From Michael Grenfell
Sir: Sir Peregrine Worsthorne's extraordinary attack on Margaret Thatcher in his review of the new John Campbell biography stands reality on its head. Sir Peregrine sees the 'paradox of Thatcherism' as being that, in creating a 'cut-throat economy', she promoted 'improvidence.., social fragmentation ... a tide of pornographic and sexual blatancy' — in short, a world repugnant to the values of thrift, providence and moral decency which she claimed to have inherited from her father.
But this supposed 'paradox' has no basis in either logic or historical fact. The insight Margaret Thatcher grasped (perhaps from her father) is that moral responsibility can
not thrive in a controlled society or economy. Only by unshackling the economy — allowing people greater scope to make their own choices about how to spend what they have earned — is there any prospect that people can act in a morally responsible way.
There is a prospect that moral responsibility will flow from individual freedom; but it is only a prospect, not a guarantee. It is, however, guaranteed that without individual freedom moral responsibility will atrophy. Enlarging personal freedom is not a sufficient condition of personal moral responsibility, but it is a necessary condition.

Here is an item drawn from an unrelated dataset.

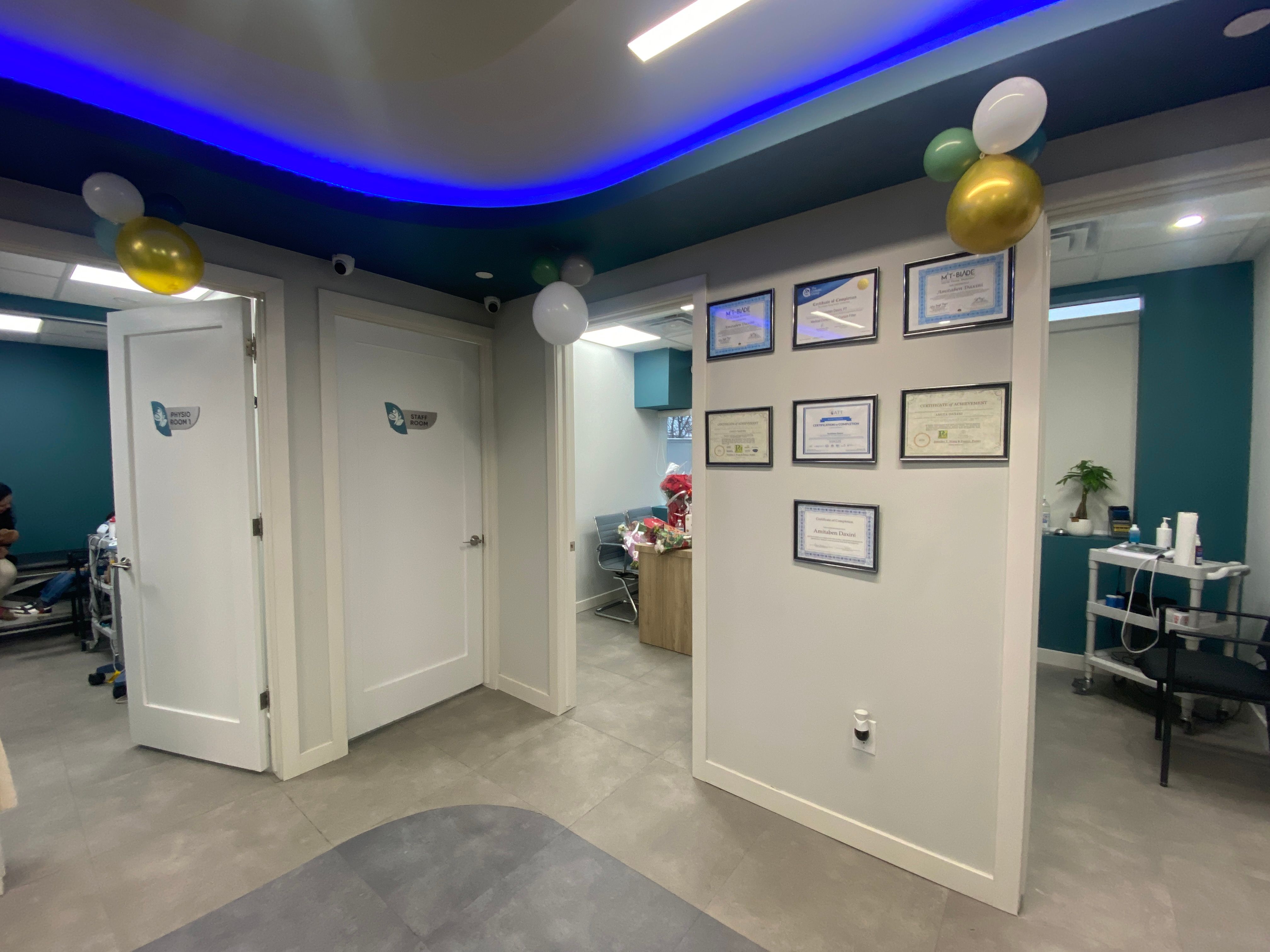 Divine Life Physio & Rehab Clinic photo 3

The historical record bears this out. Sir Peregrine points to the post-Thatcher world as one of improvidence, breakdown of family, tide of pornography, etc. But his suggestion of an intrinsic 'paradox' between economic liberalism ('cut-throat economy') and thrift, providence, family values, etc. is belied by the Victorian era — when the two very definitely went hand in hand. And the permissive society, with its family breakdown, tide of pornography and so on, emerged pre-Thatcher, in the 1960s. (So too did the burgeoning materialism of Camaby Street and the pop industry.) These were fruits of the post-1945 welfare state. It is unhistorical as well as illogical to attribute them to Thatcherism.